The first day of the conference primarily focused on the medium of painting and several of the papers challenged previous scholarly assumptions about artwork produced for the poor. Following his opening address, Dr. Duits set the stage for the conference with a paper that asked the central question, “Did the Poor Have Art?” Throughout his presentation, he continued to lay out other fundamental questions that persistently resurfaced in the discussions that occurred over the next two days: Who were the poor? What evidence do we have for the art of the poor? Why should we study their art? The challenge of ascertaining exactly who fell into the socio-economic category of the “poor” is certainly a complex one; several factors determined each individual’s financial fortunes, which could ebb and flow throughout one’s lifetime. As a result, Dr. Duits proposed that, for the purposes of the conference, we consider those individuals who were “poor in an art-historical sense,” since even commissions made by property-owning artisans in Florence have been largely ignored by art historians. He called attention to the fact that art history’s tendency to focus on the patronage of the wealthy five percent has considerably limited our knowledge of the variety of “aesthetic preferences” that existed in society. Studying the art of the poor is therefore crucial, since it significantly widens our understanding of art history during this period.
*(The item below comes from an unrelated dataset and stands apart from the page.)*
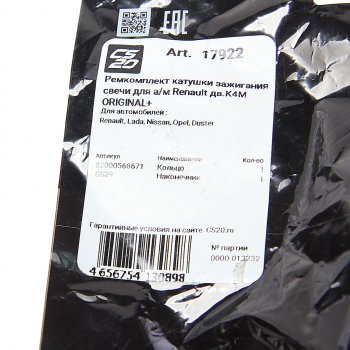 629 р. Уплотнитель ЛАДА Largus (дв.K4M) наконечника модуля зажигания комплект БАЛАКОВОЗАПЧАСТЬ БАЛАКОВОЗАПЧАСТЬ 17922  с доставкой в г. Пермь. Увеличить фотографию 3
The first session continued with Dr. Tom Nichols (University of Glasgow), whose paper entitled “Jacopo Bassano and the Painting of Poverty” examined representations of the poor in paintings made for the elite. Bassano’s representations of the urban poor moved viewers to acts of charity, and stood in stark contrast to his lush rural landscapes inhabited by hard-working farm laborers. Dr. Nichols argued that such idealized images of country life worked to reinforce and justify the class structure that allowed the urban elite to cull a large portion of their wealth from the hinterland.
The second session began with a presentation by Dr. Samuel Cohn (University of Glasgow), whose paper, “Material Culture without Objects: Artisan Artistic Commissions in Renaissance Italy,” championed a new type of art history that relies primarily on documentation, rather than on surviving artworks. One of the primary challenges facing scholars working on art for the popular classes is the lack of extant objects. Dr. Cohn’s study provided an example of how such limitations could be overcome by consulting descriptions of artwork in surviving records, which, in his case, were commissions for panel paintings made by artisans in their last wills and testaments. Next, Dr. Annick Born (independent scholar) presented “The Adoration of the Magi: Piety and Fashion for Each and Everyone in Early Sixteenth-Century Antwerp,” which took a more object-based approach and considered issues of copying and craftsmanship to shed light on the art market in Antwerp. She focused in particular on small workshops that produced anonymous works replicating compositions that were “fashionable” at the time.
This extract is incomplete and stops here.